- EXERCISE -
Begin at the line holding "Μέγας Αρχιερατικός Πανηγυρικός" and set down exactly each line through the last one below, omitting pictures. Include nothing else.

- DATA SEGMENT -
━━━━━━━━━━
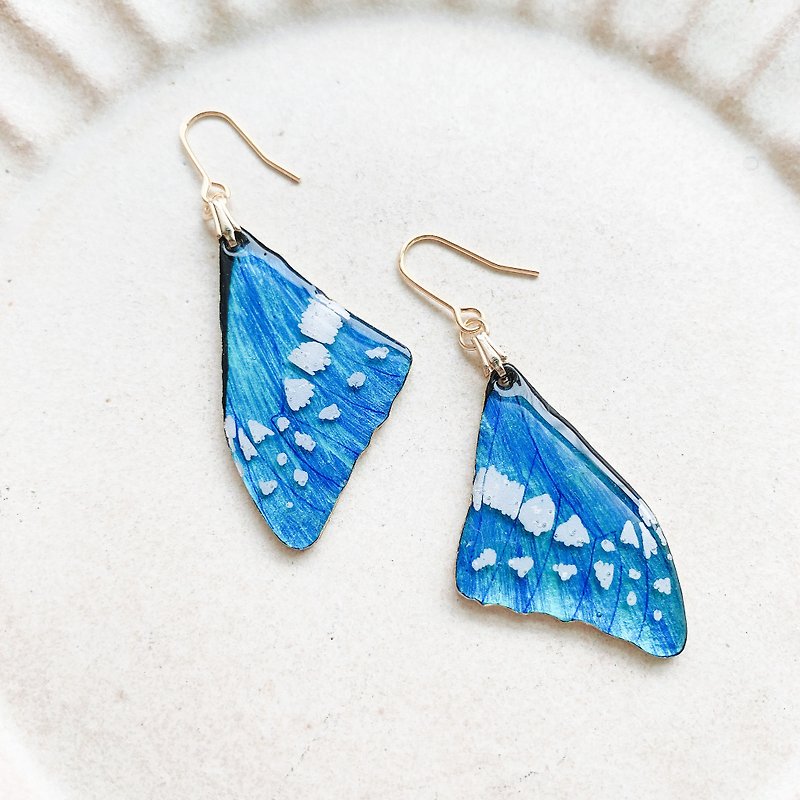 Cypris Morpho Wing Earring - Earrings & Clip-ons - Plastic Blue
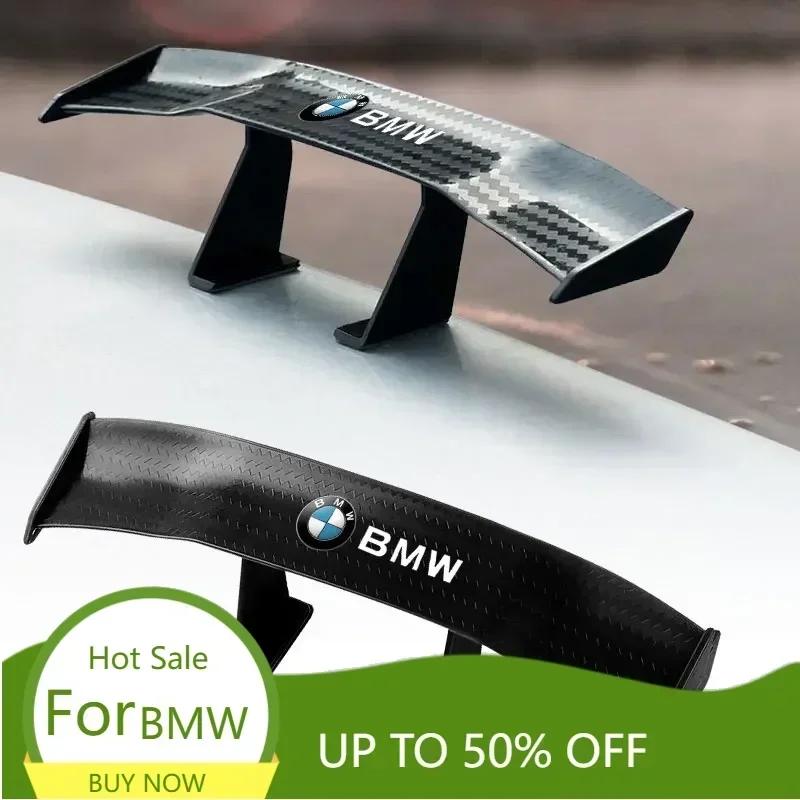 XZESF1 E60 E93 2025 For BMW Car Rear Spoiler Mini Spoiler Wing Small Tail Emblem Sticker Decoration For BMW E34 E46 E39 E38 E90 E60 F30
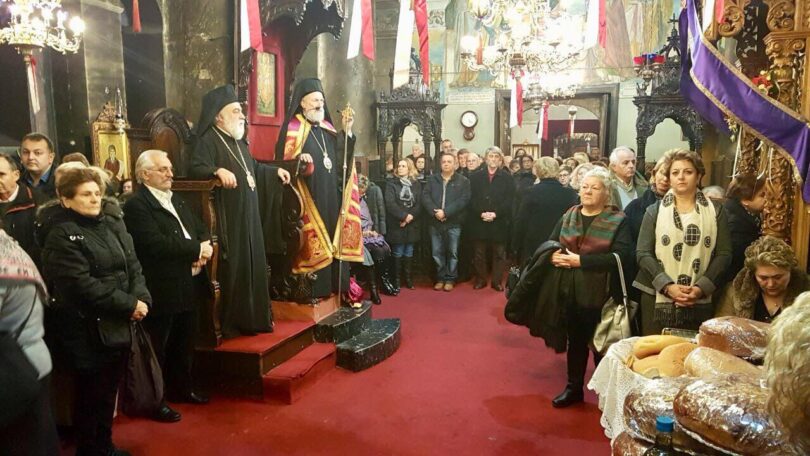 Μέγας Αρχιερατικός Πανηγυρικός Εσπερινός εις την εν Χαλκιδική Πατριαρχική και Σταυροπηγιακή Μονή Αγίας Αναστασίας Φαρμακολυτρίας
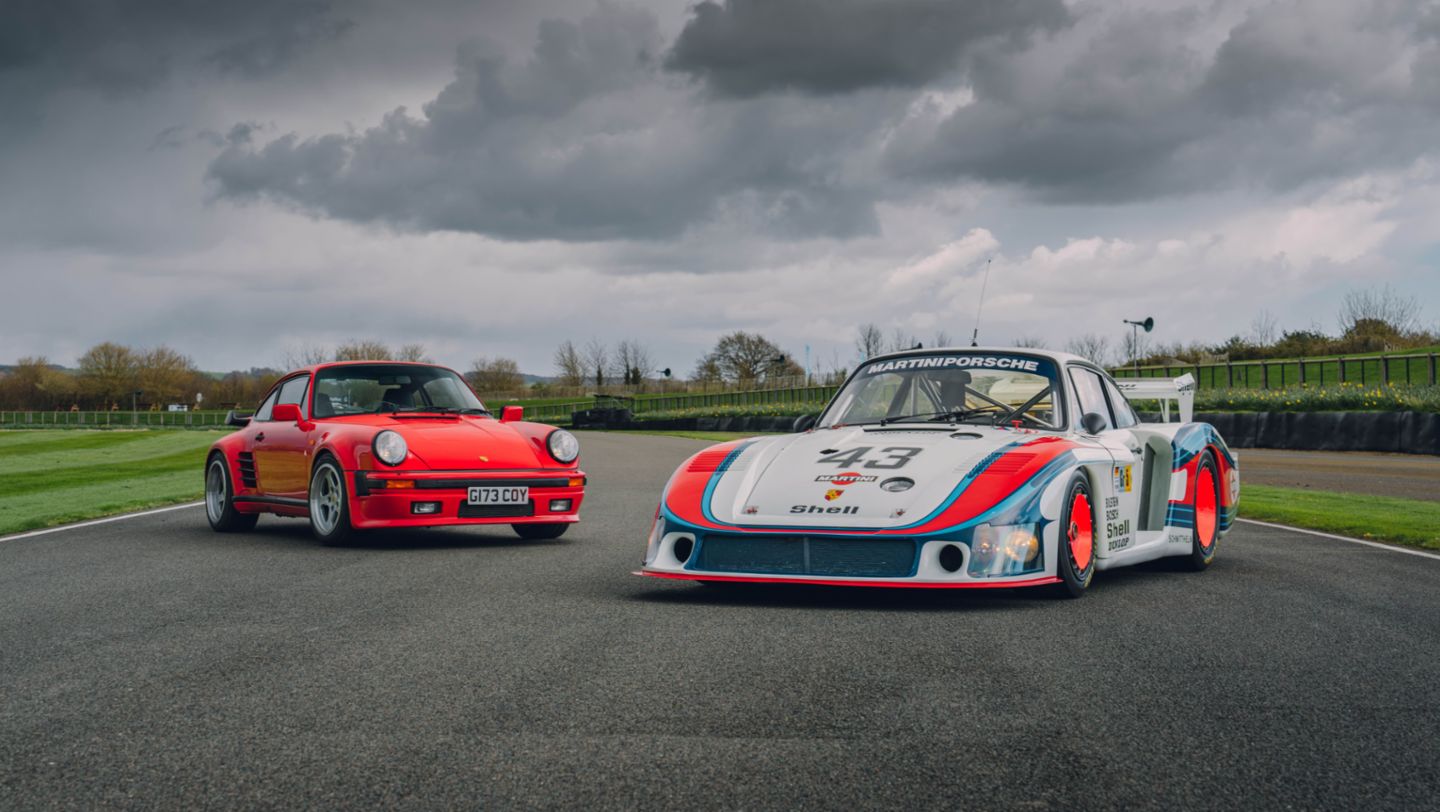 Porsche 911 Turbo y Porsche 935/78 (i-d), 80ª Reunión de Socios de Goodwood, 2023, Porsche AG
━━━━━━━━━━
- YOUR RESPONSE -
 Μέγας Αρχιερατικός Πανηγυρικός Εσπερινός εις την εν Χαλκιδική Πατριαρχική και Σταυροπηγιακή Μονή Αγίας Αναστασίας Φαρμακολυτρίας
 Porsche 911 Turbo y Porsche 935/78 (i-d), 80ª Reunión de Socios de Goodwood, 2023, Porsche AG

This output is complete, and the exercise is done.